Jens Ihnen (Hannover):
Widersprüchliche Wünsche – Kritische Betrachtungen zu Subjekt und Objekt zwischen Individualitätsbehauptungen und kollektiven Identitätskonstruktionen Der Begriff der Identität hat nach wie vor Konjunktur. Quer durch die gesellschaftliche und mediale Landschaft wird er verwendet. Auch die wissenschaftlichen Kämpfe, die sich um Grenzen, Reichweiten und Inhalte dieses Begriffs drehen, reißen nicht ab und tragen selbst etwas von einer Suchbewegung hinsichtlich mehr Konsistenz und Konstanz bei. Identität als nationale, ethnische, geschlechtliche ist in aller Munde und dennoch viel zu wenig untersucht. Besonders bizarr wirken die kollektiven identitätstheoretischen und -politischen Interventionen in ihrem scheinbaren Widerspruch zur gängigen These zunehmender Individualisierung in der postmodernen Risikogesellschaft. Es werden aus einer kritischen Perspektive Überlegungen zu Ursachen, Wirkungen und Funktionsweisen der Ambivalenz zwischen den beiden Polen Individualität und kollektiver Identität angestellt. Ausgehend von neueren psychoanalytischen Ansätzen und der kritischen Theorie Horkheimers und Adornos steht dabei insbesondere das brüchige Verhältnis zwischen
subjektiven Freiheitswünschen, objektiven Anpassungsforderungen sowie deren psychischer Umsetzung im Mittelpunkt. Isabelle Hannemann (Hannover):
Das Formensteckspiel – Dimensionen des weiblichen Sadismus im Kontext neuerer psychoanalytischer Ansätze Den Schuh der weiblichen Sanftmut und Mütterlichkeit können sich Frauen wie Irma Grese, Aileen Wuornos oder Lynndie England nicht anziehen. Dennoch scheinen folternde Frauen, Mörderinnen und Kinderschänderinnen gänzlich aus dem geschlechterstereotypen Rahmen zu fallen, während ihre Taten die Schablone dessen, was als sadistisch und grausam bezeichnet wird, offenbar glänzend ausfüllen. Der uns einsichtige weibliche Sadismus stellt keine Ausnahme von der Friedfertigkeitsregel dar, er verweist auf Differenzen zwischen Theorie und Tatsache, zwischen der psychoanalytischen – am männlichen Subjekt entwickelten – Konzeption und ihrer Übertragbarkeit auf das weibliche Subjekt. Ziel dieses Beitrags ist es, jene theoretischen Säulen zu skizzieren, auf denen ein differenziertes, trag- und entwicklungsfähiges Konzept des weiblichen Sadismus’ fußen kann. Dies erfordert an erster Stelle eine Analyse jener Brüche, die sich zwischen der präformierten (psychoanalytischen) Wahrnehmung einerseits und der sadistischen – zum Teil in der so genannten »Normalweiblichkeit« aufgehenden – Auslebung andererseits, auftun. Das zweite Standbein des Theoriegebäudes erfasst und definiert den Sadismus als Perversion. Die Betrachtung bedarf der Einordnung in den Kontext der Genese von Weiblichkeit unter Berücksichtigung der spezifisch weiblichen Körpererfahrung wie sie von Estella V. Welldon betont wird.

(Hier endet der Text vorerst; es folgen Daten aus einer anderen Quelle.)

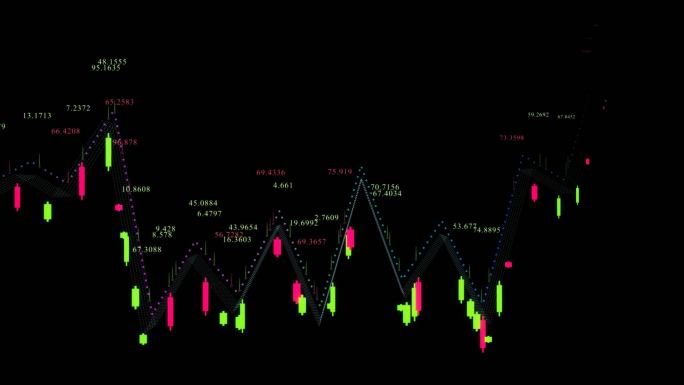 【透明通道】股票股市数据-01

Im Focus steht hierbei die These, dass Frauen, deren Körperempfinden, sexuelles Erleben und soziales Gefüge von dem des Mannes verschieden, d.h. nicht zwangsläufig genital zentriert (aber sozial überformt) ist, sexuelle Gewalt ebenso anders, ihrer eigenen Topographie der Lust und ihrem »Möglichkeitsraum« entsprechend, ausleben. Ein dritter Eckpfeiler schließlich führt Sprach-, Raum- und Körperdimensionen zusammen, indem er Vornahmen »der Frau« an ihrem eigenen Körper, am (eigenen) Kind, sowie sexuelle Gewalt und Grausamkeit gegen andere als Varianzen ein und desselben »körpersprachlichen«, nach außen gerichteten Ausdrucks begreift. Der Beitrag der Referentin nähert sich den Dimensionen des weiblichen Sadismus aus sozialpsychologischer Perspektive unter Berücksichtigung neuerer psychoanalytischer Ansätze zu Körperraum, -wahrnehmung und -sprache.